El ambiente selvático que tuvo la actual meseta patagónica
comenzó entonces a cambiar hasta convertirse en desierto. La actividad
volcánica de los Andes selló casi toda aquella Patagonia rebosante de vida bajo
una mortaja de basalto, luego arrancada por el paso de los glaciares. El viento
y la lluvia removieron después la superficie hasta dejar a la vista los huesos
y troncos fosilizados, único vestigio de aquel tiempo. Pero antes ocurrió otro
proceso aún más sorprendente: los árboles caídos y la megafauna muerta entraron
en proceso de fosilización.
La condición para fosilizarse era que, al morir, los restos
fuesen cubiertos rápidamente por capas de sedimento –para no descomponerse–
resultado de un alud, un derrumbe o ceniza volcánica. Luego el agua de lluvia
permeaba la tierra arrastrando minerales que se filtraban en las células de
huesos y troncos. Con el tiempo los minerales se deshidrataron y cristalizaron,
comenzando un proceso de reemplazo molecular del material orgánico por otro
inorgánico. Por eso la forma original no cambió en nada. Pero el resultado es
en verdad una roca moldeada por el hueso o el tronco originales, de los que no
queda nada. Los troncos son de sílice casi puro, por eso su color arena, y los
huesos son más negruzcos porque tienen restos de carbono.

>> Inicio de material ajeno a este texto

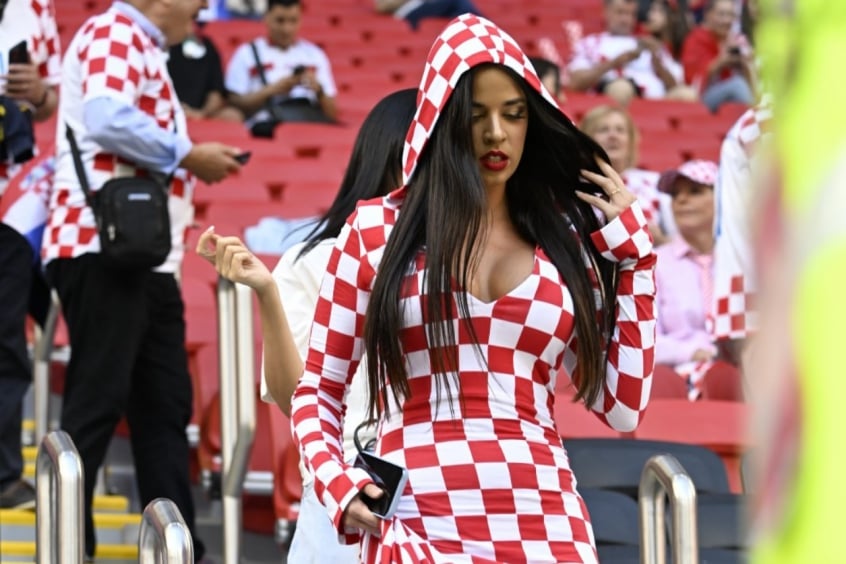 Teria mais medo de ir com roupa justa em estádio no Brasil do que no  Catar', diz torcedora na Copa - Futebol - R7 Copa do Mundo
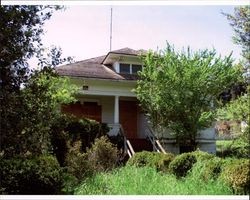 Neunfeldt home, located at 674 Sunnyslope Road, Petaluma, California, Apr. 17, 2006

Avanzamos sin prisa hasta detenernos junto a una gran roca
para almorzar. El único signo de vida animal en las dos horas de caminata es un
escarabajo caminando sobre el suelo estriado.
En uno de los troncos veo una ínfima canaleta hecha por un
laborioso gusano que lo fue carcomiendo por dentro hace 70 millones de años,
acaso la única actividad que hizo en toda su vida. Pienso en la cantidad de
azares que debieron suceder para que dos hechos tan remotos como banales –mi
mirada sobre ese tronco y un gusanito comiendo– coincidieran en un punto. Más
adelante encuentro otra huella perfecta de cuando el hombre no existía: un
tronco agujereado por las termitas del Cretácico.
Es tan perfecta la fosilización de este bosque que hasta
puedo contar los anillos de crecimiento en algunos de estos troncos que, en
verdad, son el negativo de sí mismos y brotan como reliquias de un tiempo
inconcebible para los mortales: un rastro muy palpable pero sin vida de un
árbol condenado a la eternidad.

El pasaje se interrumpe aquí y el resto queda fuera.